And, you know, not because of a massive housing bubble that popped, dropping the bottom from under the Spanish banking system that systematically masked internal deficiencies and the depletion of capital reserves, coupled with rising labor costs that disincentivized domestic investment.
You mean the rising labor costs that happened after the crisis when European solidarity took the form of the core saying "Fuck you, not only will we not help, we are going to actively promote deflation?" Certainly a big part of why Spain hasn't recovered.
I was more talking about how the problem started in Spain though.
That was how the problem started in Spain; a huge demand in housing spurred by government (the national government, and very explicitly not the EU) pressure along the lines of ensuring a house (not just housing, mind you) for everyone, which the banks were more than eager to follow through on due to the potential profits for themselves. When the bubble burst in 2007 and 2008, construction in Spain dropped like a rock, and sales of houses dropped by a quarter nationwide. Government revenues based on this bubble also contracted, leaving many planned projects high and dry. High labor costs predated the crisis, and while they weren't a major contributor to its start, they were definitely a contributor to the inflexibility of the economy and thus its difficult recovery. A lot of comparisons can actually be drawn to the US housing bubble, which was spurred onward for much the same reasons.
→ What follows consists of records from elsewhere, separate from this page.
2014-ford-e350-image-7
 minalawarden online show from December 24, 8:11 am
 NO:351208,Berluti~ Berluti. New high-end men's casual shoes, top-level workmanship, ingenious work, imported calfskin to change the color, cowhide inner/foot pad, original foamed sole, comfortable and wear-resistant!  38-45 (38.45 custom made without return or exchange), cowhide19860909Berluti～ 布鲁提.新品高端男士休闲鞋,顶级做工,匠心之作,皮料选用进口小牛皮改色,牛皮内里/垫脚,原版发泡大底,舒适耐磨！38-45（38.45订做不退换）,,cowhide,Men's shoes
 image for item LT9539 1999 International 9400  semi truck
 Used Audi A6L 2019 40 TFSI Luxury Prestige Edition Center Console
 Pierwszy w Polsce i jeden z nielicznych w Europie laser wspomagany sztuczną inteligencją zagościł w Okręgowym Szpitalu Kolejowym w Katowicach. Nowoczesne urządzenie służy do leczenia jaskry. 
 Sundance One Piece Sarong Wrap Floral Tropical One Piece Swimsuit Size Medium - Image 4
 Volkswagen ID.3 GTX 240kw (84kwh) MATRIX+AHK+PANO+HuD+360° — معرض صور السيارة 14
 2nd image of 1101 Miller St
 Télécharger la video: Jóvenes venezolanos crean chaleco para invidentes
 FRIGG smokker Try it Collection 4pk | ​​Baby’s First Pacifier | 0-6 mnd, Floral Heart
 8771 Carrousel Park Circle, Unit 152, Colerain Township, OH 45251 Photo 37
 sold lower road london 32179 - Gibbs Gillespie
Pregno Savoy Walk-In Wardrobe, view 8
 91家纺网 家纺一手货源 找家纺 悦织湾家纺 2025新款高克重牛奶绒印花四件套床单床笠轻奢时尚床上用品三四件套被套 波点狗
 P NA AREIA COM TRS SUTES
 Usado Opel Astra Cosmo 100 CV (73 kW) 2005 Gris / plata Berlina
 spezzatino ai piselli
I don't even know which European-wide banks you're referring to that the EU offloaded on Spain, to be honest. Dealings between specifically-Spanish banks and the EU have been conducted directly mostly because the Spanish government doesn't want to assume their debts any more than they have to. Indeed, they still haven't assumed these debts directly as such via nationalization or any other means; most of such assumption has been indirect via the floating of loans from the government to the banks, which for a time (not sure if it still is) got caught in a perverse feedback loop where banks needed to use bailout money to buy Spanish government bonds which were floated to get bailout money for the banks. Again, these are also just to Spanish banks; as for European banks in general, I have no idea why the EU would even do something like put, say, a Polish bank's debts on Madrid's shoulders. I genuinely have no idea what you're referring to by your claim, and I'm curious if you have more information.